But it doesn't explain why it's biased towards lower numbers or how to remove the bias. So, the question is: is this the most optimal approach to generation of a random integer within a (signed) range while not relying on anything fancy, just rand() function, and in case if it is optimal, how to remove the bias?
EDIT:
I've just tested the while-loop algorithm suggested by #Joey against floating-point extrapolation:
static const double s_invRandMax = 1.0/((double)RAND_MAX + 1.0);
return min + (int)(((double)(max + 1 - min))*rand()*s_invRandMax);
to see how much uniformly "balls" are "falling" into and are being distributed among a number of "buckets", one test for the floating-point extrapolation and another for the while-loop algorithm. But results turned out to be varying depending on the number of "balls" (and "buckets") so I couldn't easily pick a winner. The working code can be found at this Ideone page. For example, with 10 buckets and 100 balls the maximum deviation from the ideal probability among buckets is less for the floating-point extrapolation than for the while-loop algorithm (0.04 and 0.05 respectively) but with 1000 balls, the maximum deviation of the while-loop algorithm is lesser (0.024 and 0.011), and with 10000 balls, the floating-point extrapolation is again doing better (0.0034 and 0.0053), and so on without much of consistency. Thinking of the possibility that none of the algorithms consistently produces uniform distribution better than that of the other algorithm, makes me lean towards the floating-point extrapolation since it appears to perform faster than the while-loop algorithm. So is it fine to choose the floating-point extrapolation algorithm or my testings/conclusions are not completely correct?

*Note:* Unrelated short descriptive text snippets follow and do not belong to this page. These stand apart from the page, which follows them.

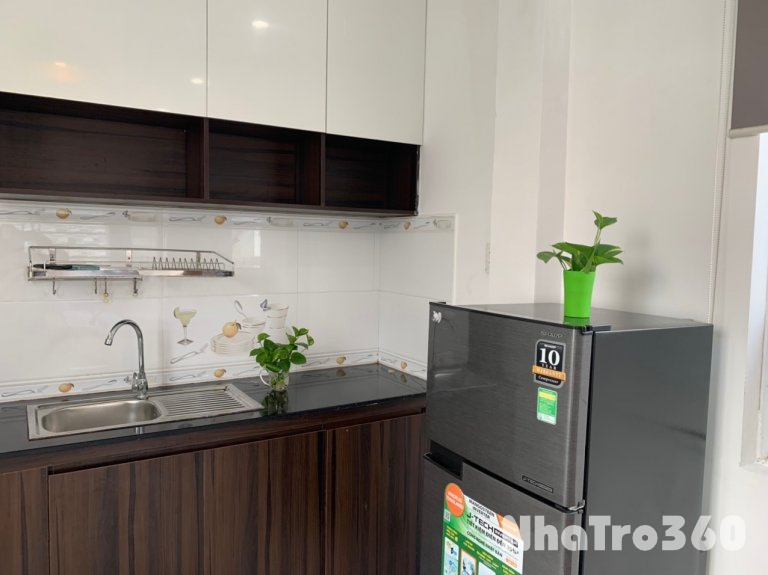 Cho thuê căn hộ Q1, đường Nguyễn Văn Cừ, gần cầu Nguyễn Văn Cừ, Công Viên 23/9, ĐH Văn Lang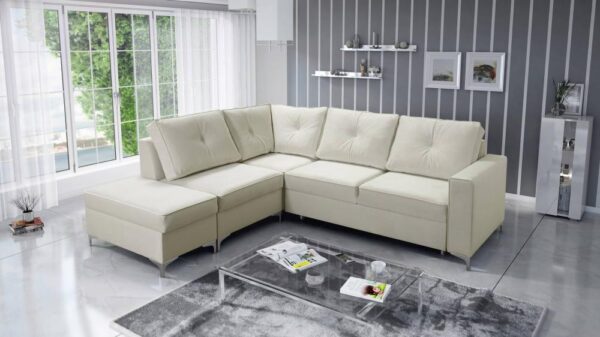ADONIS II Corner Sofa, main view, modern design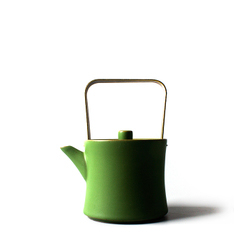 Bamboo-shaped Teapot 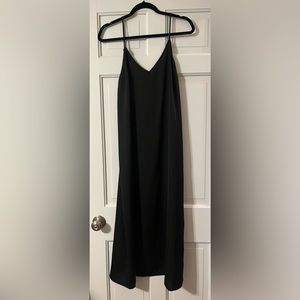 New Day Black Slip Dress - never worn, size large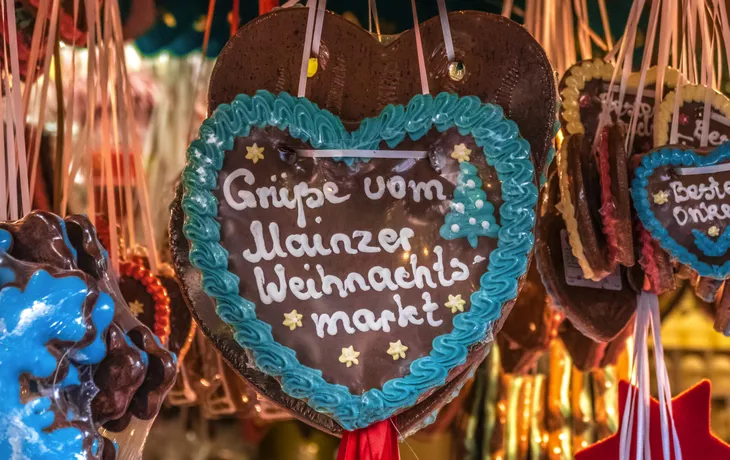 © Thomas Kussmaul - Lebkuchenherz aus Mainz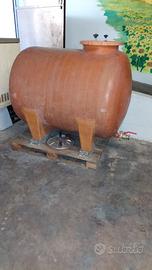 Vasca da trasporto liquidi da 10 qli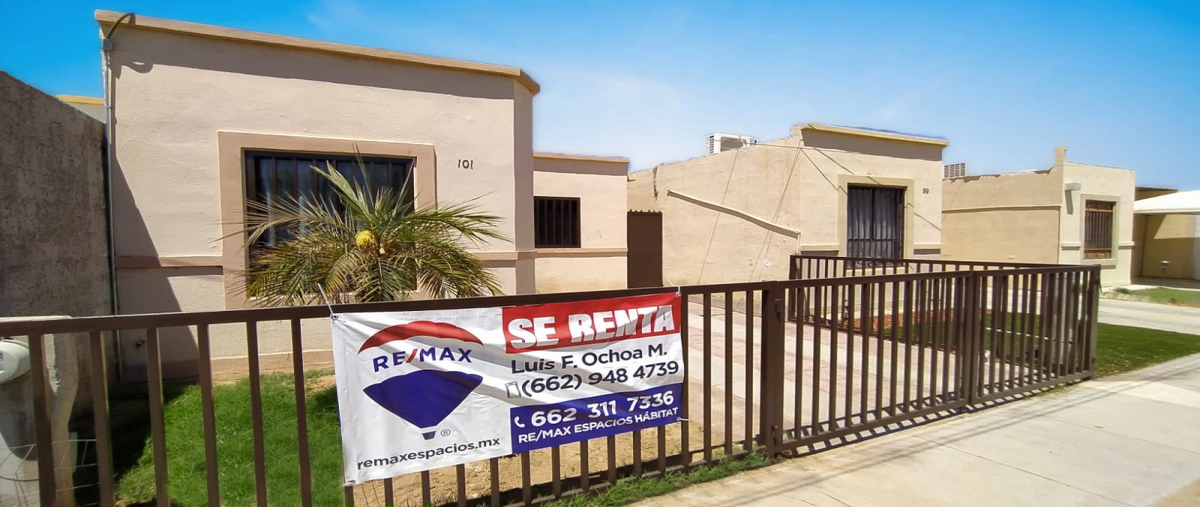 casas de renta en hermosillo sonora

The problem is that you're doing a modulo operation. This would be no problem if RAND_MAX would be evenly divisible by your modulus, but usually that is not the case. As a very contrived example, assume RAND_MAX to be 11 and your modulus to be 3. You'll get the following possible random numbers and the following resulting remainders:
0 1 2 3 4 5 6 7 8 9 10
0 1 2 0 1 2 0 1 2 0 1
As you can see, 0 and 1 are slightly more probable than 2.
One option to solve this is rejection sampling: By disallowing the numbers 9 and 10 above you can cause the resulting distribution to be uniform again. The tricky part is figuring out how to do so efficiently. A very nice example (one that took me two days to understand why it works) can be found in Java's java.util.Random.nextInt(int) method.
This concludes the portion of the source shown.